A word-for-word copy of the data is what's wanted; pictures stay out of it.

▸ Collected material:

******************************

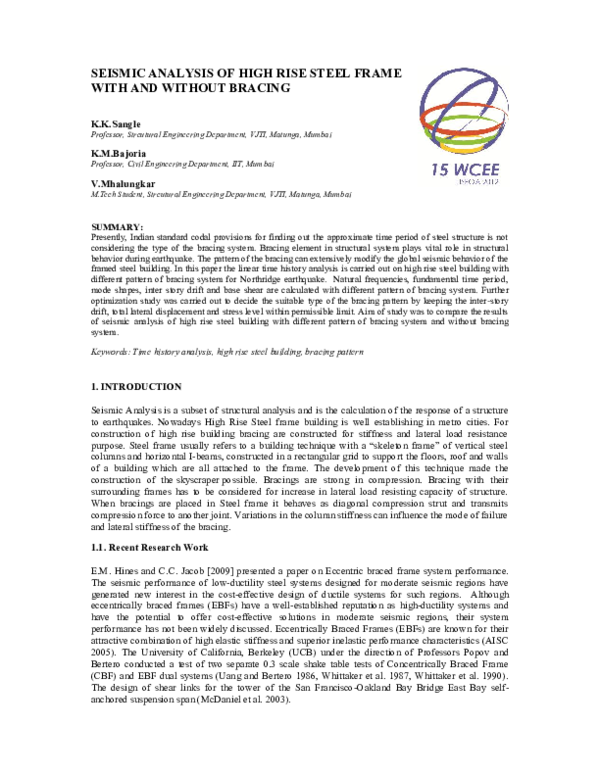 (PDF) Seismic Analysis of High Rise Steel Frame Building with a ND ...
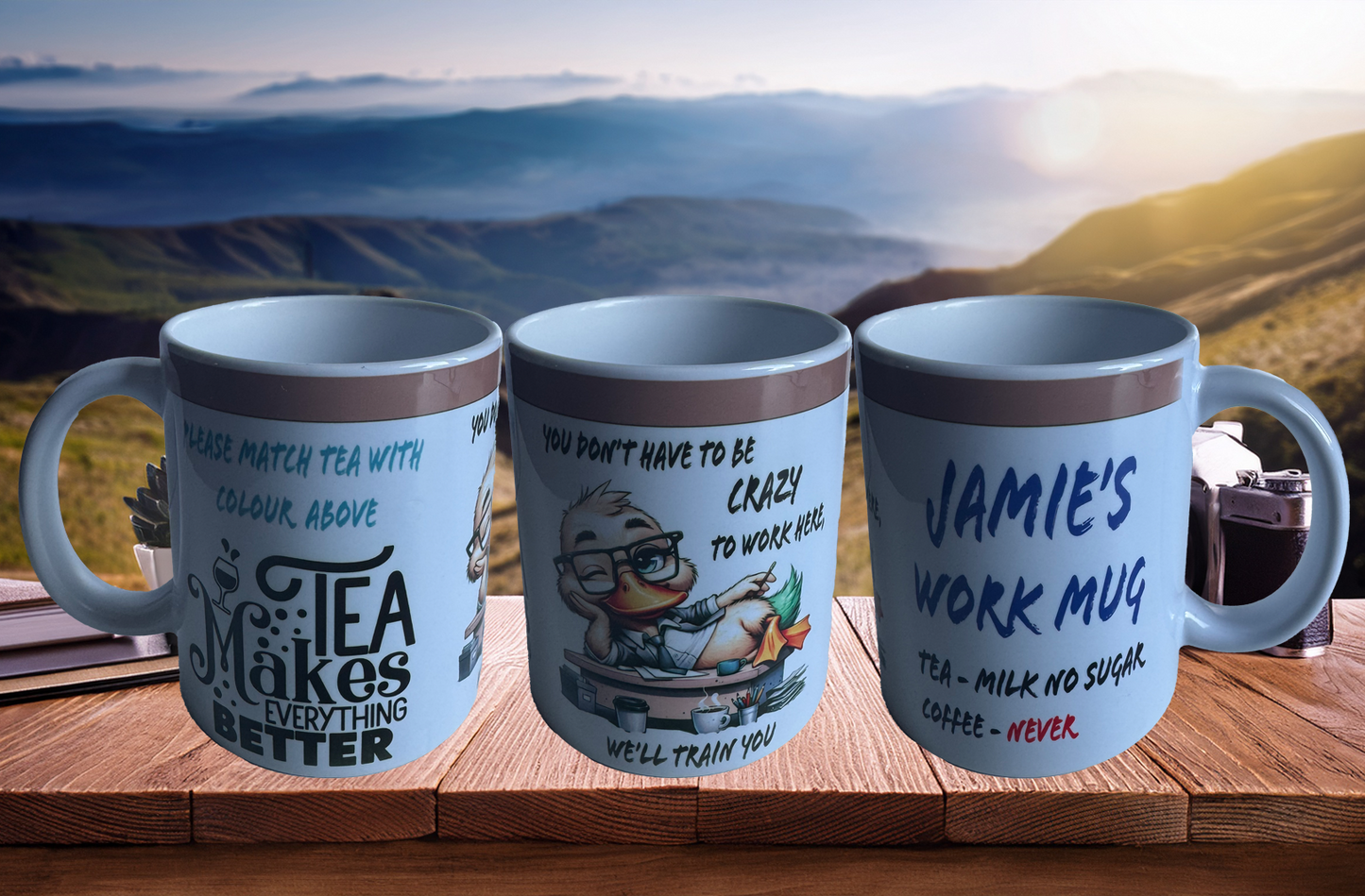 Personalised work Coffee Mug, Tea Mug, with Tea colour preference, includes Gift Box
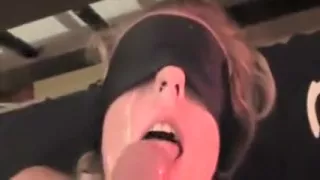 Blindfolded slut enjoys a hard pounding and gets facialized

******************************

▸ Response to the task:
 (PDF) Seismic Analysis of High Rise Steel Frame Building with a ND ...
 Personalised work Coffee Mug, Tea Mug, with Tea colour preference, includes Gift Box
 Blindfolded slut enjoys a hard pounding and gets facialized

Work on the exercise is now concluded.